Agreed. For people that impulse buy albums for singles, this may work fine. For the most part I buy and listen to albums. 99 cents is a so-so price for a single provided it's a full WAV download - I might buy a couple hundred songs over the next 5 years. However, what is this?
The new service would only be available to users of Apple's Macintosh line computers and iPod portable music players, who have been largely overlooked by the legitimate online music services.
How does that work? What exactly are they selling? What about format? What about digital rights management? Where does it say you can burn? Oh, right - nowhere. Because the "industry" will start selling unencumbered full digital WAV files available for burning when one of the two following conditions are reached:
1. Hell freezes over
2. Someone else starts thrashing them in the marketplace doing it first.
Other stuff this doesn't solve: conventional publishing screwing artists. The consolidation and dumbing down of what's produced and what's available. The functional elimination of internet radio as a viable broadcast medium for the hobbyist level individual.

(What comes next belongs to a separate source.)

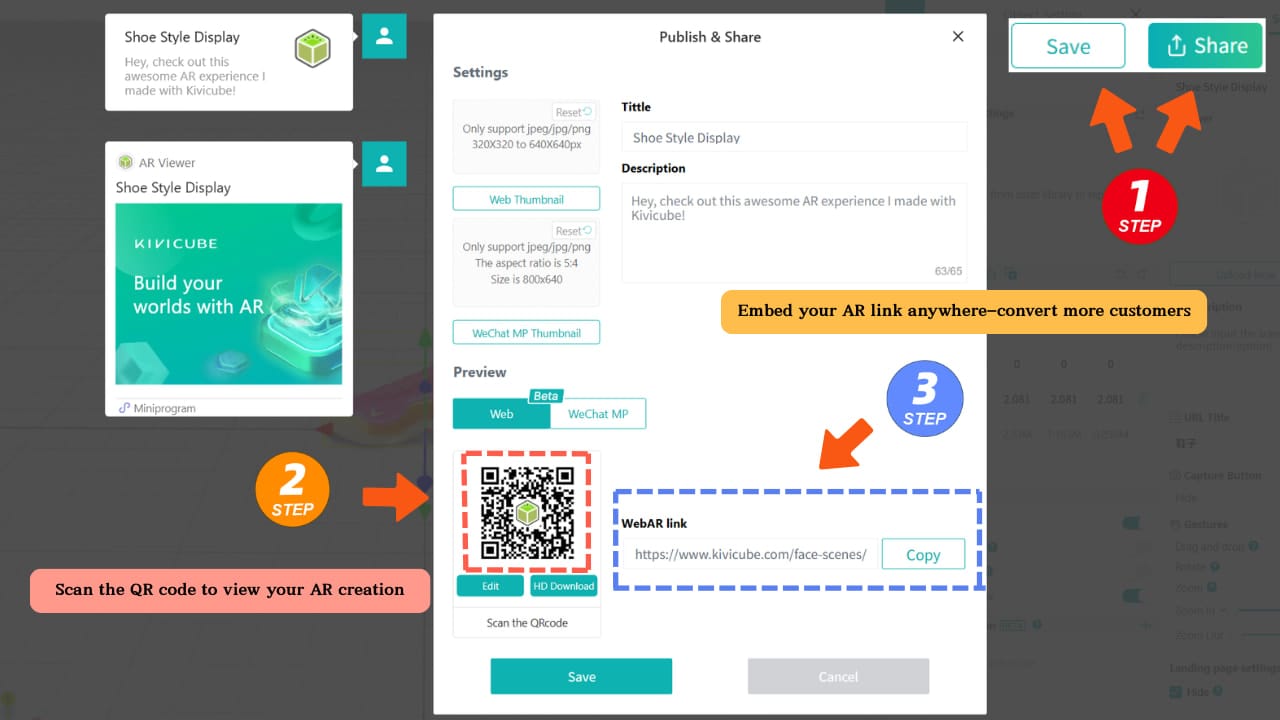Scan the QR code to experience your first AR product visualization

Low on facts, misrepresented and no comment from Apple. Vapor. Can't wait until the next corporate sponsored online music "solution?" Then go to my damn homepage and send me an email saying that you'll review the draft whitepaper of the M.A.P.S. project, fercryin'out loud!
Beware of what? Guess what kids - your culture is being appropriated by the marketeers! (pause for gasps of astonishment and chagrin).
Is there even a line between culture and commerce anymore? In any event, the raging cow site drips with manufactured "kewl" - if you're influenced by this kind of pap you deserve to be sold carbonated milk, or whatever the hell it is.
Exactly. And I'd add - be explicit. I feel like I know my friends - and if I tell them, absolutely don't forward this, I believe they will honor me. If they don't at least I know who to scratch off the list.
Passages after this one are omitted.